DESCRIPTION OF THE TASK: Below are entries; print them exactly from the first line through the one containing "Antique slipware pig".

DATASET ENTRIES:
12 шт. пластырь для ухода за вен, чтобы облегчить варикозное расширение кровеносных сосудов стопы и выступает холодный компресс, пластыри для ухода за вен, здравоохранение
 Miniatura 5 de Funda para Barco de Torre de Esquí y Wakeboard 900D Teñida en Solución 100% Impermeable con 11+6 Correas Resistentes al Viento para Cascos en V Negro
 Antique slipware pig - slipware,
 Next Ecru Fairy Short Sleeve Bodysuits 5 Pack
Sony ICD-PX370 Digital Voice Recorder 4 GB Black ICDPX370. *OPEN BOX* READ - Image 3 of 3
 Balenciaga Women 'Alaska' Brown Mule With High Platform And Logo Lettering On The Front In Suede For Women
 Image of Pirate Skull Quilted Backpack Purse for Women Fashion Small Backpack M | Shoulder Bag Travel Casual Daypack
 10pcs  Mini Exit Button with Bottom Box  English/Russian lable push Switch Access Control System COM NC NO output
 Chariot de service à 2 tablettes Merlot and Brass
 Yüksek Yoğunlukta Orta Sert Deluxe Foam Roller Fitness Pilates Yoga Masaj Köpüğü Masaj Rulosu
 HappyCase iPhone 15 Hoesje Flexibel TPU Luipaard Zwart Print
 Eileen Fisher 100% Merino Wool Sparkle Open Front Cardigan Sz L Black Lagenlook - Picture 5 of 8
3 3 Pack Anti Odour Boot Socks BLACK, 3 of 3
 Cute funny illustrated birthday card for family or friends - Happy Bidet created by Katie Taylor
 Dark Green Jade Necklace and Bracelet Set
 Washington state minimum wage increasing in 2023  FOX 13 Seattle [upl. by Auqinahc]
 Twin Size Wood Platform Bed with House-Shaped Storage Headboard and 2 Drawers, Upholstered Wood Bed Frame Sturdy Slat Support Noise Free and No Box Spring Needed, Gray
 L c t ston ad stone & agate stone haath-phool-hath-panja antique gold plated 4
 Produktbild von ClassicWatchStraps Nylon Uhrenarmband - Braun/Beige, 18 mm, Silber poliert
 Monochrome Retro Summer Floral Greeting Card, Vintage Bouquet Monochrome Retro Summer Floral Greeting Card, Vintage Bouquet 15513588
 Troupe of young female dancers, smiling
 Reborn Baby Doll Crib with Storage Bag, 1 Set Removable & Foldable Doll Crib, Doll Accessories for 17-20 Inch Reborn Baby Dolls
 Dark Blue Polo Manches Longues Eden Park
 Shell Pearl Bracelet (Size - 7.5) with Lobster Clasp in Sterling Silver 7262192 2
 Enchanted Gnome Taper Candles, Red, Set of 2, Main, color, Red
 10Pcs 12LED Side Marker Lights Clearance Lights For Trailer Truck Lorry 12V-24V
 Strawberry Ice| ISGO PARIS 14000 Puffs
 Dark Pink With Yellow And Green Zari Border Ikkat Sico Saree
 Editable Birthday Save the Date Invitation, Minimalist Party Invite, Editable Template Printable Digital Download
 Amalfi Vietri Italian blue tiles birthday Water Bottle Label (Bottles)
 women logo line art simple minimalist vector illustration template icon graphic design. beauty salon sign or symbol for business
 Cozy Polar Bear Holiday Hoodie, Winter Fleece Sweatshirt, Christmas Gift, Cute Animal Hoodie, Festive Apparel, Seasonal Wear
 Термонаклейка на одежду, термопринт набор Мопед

PROBLEM SOLUTION:
12 шт. пластырь для ухода за вен, чтобы облегчить варикозное расширение кровеносных сосудов стопы и выступает холодный компресс, пластыри для ухода за вен, здравоохранение
 Miniatura 5 de Funda para Barco de Torre de Esquí y Wakeboard 900D Teñida en Solución 100% Impermeable con 11+6 Correas Resistentes al Viento para Cascos en V Negro
 Antique slipware pig - slipware,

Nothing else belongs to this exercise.